In response, Mr. Moline asserts that Mr. Alexander did not contribute to the commissioner's campaign. The liquidator did, though, contribute to Ron Todd, Ms. Sebelius' predecessor as commissioner and the one who seized NCIC in 1993, he said.
Had Mr. Alexander not mishandled NCIC's estate, its former president asserts, more money would have been available to pay claims.
In fact, Mr. Zipper also contends that NCIC was not really insolvent when it was seized in 1993. "The company was not insolvent," he said. "They had asked us for a rehabilitation plan, and we submitted it."
But the plan included a rate increase that Kansas regulators claimed would not be approved by regulators in California, NCIC's principal place of business, Mr. Zipper recounted. "The day we were put into liquidation, we were notified that we were granted the rate increase in California," he said.
Kansas regulators seized NCIC on July 12, 1993, and placed the company into liquidation a few days later.
In its April 1995 suit, the Kansas department charges Messrs.

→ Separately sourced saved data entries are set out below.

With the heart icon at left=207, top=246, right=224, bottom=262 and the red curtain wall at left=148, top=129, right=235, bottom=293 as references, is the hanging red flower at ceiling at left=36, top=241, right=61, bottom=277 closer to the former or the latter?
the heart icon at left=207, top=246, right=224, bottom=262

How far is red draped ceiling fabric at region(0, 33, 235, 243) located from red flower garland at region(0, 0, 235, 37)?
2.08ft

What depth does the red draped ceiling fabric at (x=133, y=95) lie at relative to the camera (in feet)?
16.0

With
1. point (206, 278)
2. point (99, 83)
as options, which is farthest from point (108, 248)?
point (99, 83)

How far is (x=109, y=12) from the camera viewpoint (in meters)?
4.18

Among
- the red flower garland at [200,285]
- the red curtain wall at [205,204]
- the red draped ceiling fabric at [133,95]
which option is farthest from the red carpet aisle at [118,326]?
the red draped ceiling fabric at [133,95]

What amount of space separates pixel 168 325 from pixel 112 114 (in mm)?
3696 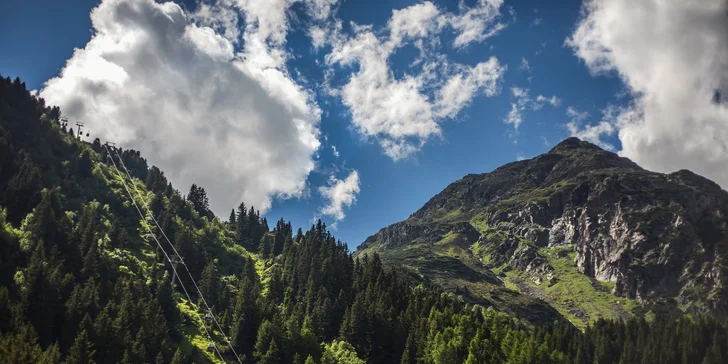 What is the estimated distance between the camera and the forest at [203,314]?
11369cm

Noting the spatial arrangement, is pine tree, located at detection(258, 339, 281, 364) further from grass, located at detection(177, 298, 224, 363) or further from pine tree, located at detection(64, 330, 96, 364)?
pine tree, located at detection(64, 330, 96, 364)

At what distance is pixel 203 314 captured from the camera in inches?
6240

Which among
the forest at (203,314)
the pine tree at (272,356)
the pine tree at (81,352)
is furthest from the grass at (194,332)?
the pine tree at (81,352)

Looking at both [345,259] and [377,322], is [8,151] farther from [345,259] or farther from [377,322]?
[377,322]

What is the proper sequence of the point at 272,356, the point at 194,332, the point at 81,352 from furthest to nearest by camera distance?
the point at 194,332, the point at 272,356, the point at 81,352

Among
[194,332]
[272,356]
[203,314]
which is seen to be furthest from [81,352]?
[203,314]

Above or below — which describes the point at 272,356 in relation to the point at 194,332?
below

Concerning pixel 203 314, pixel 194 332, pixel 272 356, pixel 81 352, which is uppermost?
pixel 203 314

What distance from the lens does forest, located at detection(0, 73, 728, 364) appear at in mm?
113688

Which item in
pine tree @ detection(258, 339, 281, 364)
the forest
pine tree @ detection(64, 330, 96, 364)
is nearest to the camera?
pine tree @ detection(64, 330, 96, 364)

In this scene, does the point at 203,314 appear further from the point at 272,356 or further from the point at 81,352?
the point at 81,352

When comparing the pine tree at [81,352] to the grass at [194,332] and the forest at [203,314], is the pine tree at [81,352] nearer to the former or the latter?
the forest at [203,314]

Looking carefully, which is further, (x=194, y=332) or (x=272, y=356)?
(x=194, y=332)

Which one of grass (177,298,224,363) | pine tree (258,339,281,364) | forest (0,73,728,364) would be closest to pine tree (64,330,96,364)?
forest (0,73,728,364) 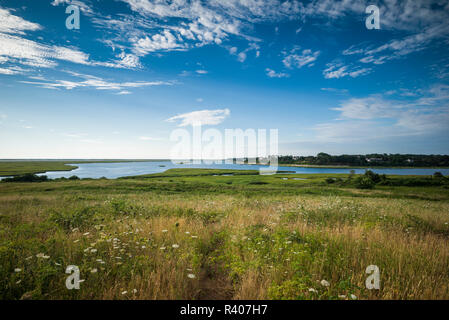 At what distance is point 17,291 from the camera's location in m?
3.03

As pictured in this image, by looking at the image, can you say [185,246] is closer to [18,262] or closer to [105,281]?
[105,281]

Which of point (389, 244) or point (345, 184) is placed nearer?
point (389, 244)

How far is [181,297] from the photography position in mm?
3152

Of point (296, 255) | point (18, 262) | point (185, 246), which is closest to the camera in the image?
point (18, 262)

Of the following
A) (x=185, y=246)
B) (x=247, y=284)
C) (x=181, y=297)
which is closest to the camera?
(x=181, y=297)

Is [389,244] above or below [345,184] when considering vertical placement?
above

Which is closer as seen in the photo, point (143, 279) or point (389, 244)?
point (143, 279) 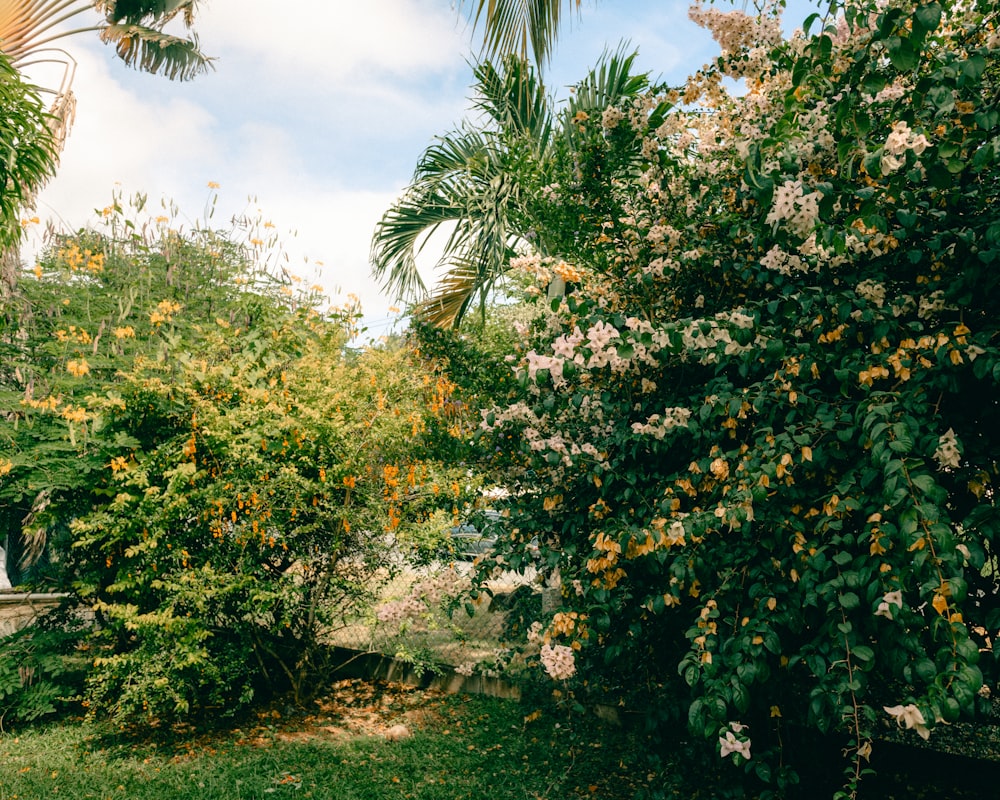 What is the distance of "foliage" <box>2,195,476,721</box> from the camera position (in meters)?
5.13

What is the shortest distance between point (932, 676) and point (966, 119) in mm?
1695

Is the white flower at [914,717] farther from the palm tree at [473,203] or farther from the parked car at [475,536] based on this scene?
the palm tree at [473,203]

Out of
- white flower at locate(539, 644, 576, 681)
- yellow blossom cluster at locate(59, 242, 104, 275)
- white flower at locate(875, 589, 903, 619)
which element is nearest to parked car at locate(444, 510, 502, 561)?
white flower at locate(539, 644, 576, 681)

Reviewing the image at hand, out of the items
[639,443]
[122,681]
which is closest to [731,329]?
[639,443]

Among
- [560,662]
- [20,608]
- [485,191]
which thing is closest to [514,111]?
[485,191]

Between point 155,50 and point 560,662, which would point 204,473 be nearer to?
point 560,662

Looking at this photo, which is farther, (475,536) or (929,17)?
(475,536)

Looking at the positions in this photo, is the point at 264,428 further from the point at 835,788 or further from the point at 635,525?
the point at 835,788

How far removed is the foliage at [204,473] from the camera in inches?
202

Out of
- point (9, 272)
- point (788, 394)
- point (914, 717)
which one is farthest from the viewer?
point (9, 272)

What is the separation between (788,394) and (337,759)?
161 inches

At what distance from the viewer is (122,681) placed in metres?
5.26

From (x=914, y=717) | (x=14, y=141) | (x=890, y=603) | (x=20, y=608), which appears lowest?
(x=20, y=608)

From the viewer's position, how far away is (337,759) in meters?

Zipper and Gossett with breach of fiduciary duty, alleging that they drove NCIC into insolvency through mismanagement and fraud.
Among other things, the suit alleges Messrs. Zipper and Gossett forced NCIC to pay "substantial sums to its parent company, DSN Dealer Service Network Inc., impairing the insurer's ability to fulfill its contractual obligations. Messrs. Zipper and Gossett were the principals of DSN, which also is named in the suit. Meanwhile, DSN has filed for bankruptcy protection in New Jersey, where it is based.

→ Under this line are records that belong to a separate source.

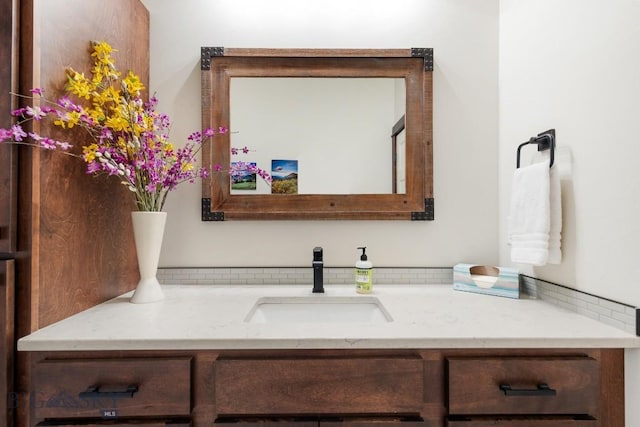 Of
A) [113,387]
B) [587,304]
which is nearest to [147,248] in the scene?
[113,387]

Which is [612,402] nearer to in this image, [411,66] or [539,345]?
[539,345]

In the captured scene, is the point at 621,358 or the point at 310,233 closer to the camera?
the point at 621,358

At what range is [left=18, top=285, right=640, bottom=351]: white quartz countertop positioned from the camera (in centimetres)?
82

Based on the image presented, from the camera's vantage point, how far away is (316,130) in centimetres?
142

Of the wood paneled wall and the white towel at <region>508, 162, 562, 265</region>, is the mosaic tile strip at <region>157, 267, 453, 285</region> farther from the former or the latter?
the wood paneled wall

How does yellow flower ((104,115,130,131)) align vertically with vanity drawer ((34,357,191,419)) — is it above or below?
above

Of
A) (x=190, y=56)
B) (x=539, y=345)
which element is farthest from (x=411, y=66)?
(x=539, y=345)

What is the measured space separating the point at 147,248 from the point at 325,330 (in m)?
0.72

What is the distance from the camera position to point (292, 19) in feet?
4.76

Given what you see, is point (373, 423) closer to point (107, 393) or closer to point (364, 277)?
point (364, 277)

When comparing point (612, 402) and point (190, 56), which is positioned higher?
point (190, 56)

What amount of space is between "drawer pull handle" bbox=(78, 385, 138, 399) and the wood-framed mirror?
744 millimetres

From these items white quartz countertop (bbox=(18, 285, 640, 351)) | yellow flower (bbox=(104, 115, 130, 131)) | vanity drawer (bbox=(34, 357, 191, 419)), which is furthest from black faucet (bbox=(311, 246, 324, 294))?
yellow flower (bbox=(104, 115, 130, 131))

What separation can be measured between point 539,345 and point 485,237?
699mm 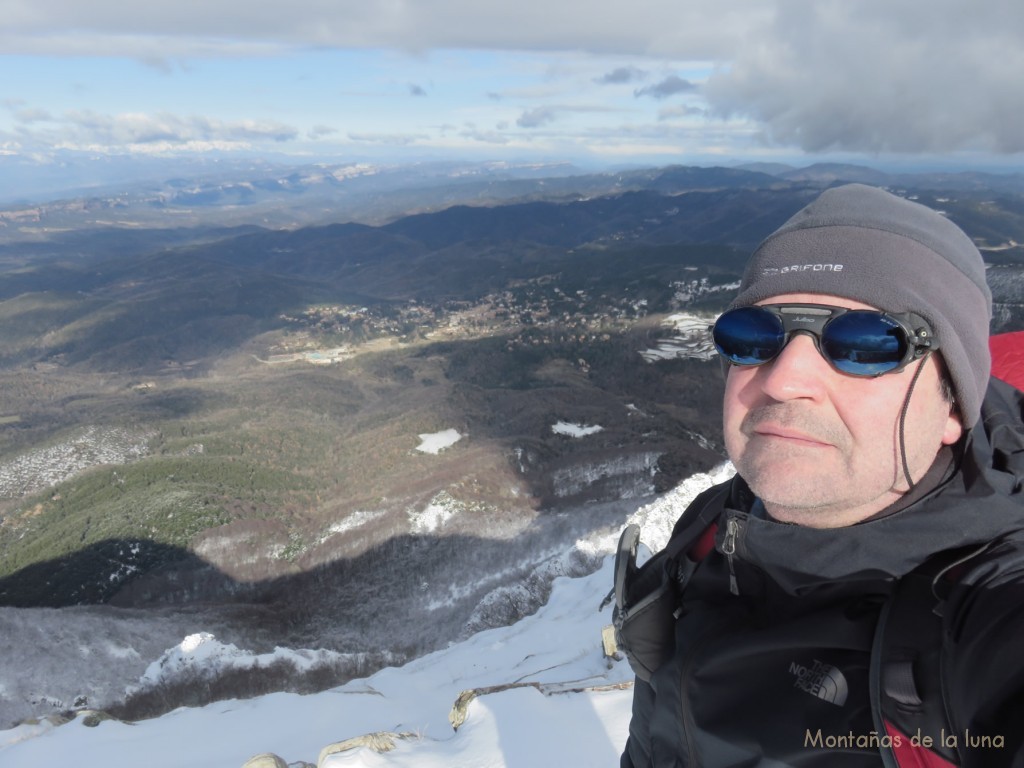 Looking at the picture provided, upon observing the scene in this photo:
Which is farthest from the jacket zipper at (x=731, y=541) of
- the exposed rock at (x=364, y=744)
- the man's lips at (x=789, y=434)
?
the exposed rock at (x=364, y=744)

DSN purchased NCIC in December 1988 from American States Insurance Co., a unit of Lincoln National Corp. NCIC was formerly known as Western Indemnity Insurance Co. Inc., which was incorporated in 1964 and only did business in Kansas.
At the time of purchase, NCIC was essentially a shell corporation with approximately $8 million in surplus and no liabilities. DSN paid about $11.5 million for NCIC, most of which was borrowed from various trusts that were part of automobile and other extended warranty programs administered by DSN, the Kansas department's suit alleges.
While the majority of NCIC's business was non-standard automobile liability and physical damage insurance, it also wrote more than $1.5 million in automobile warranty business premium between 1989 and 1993.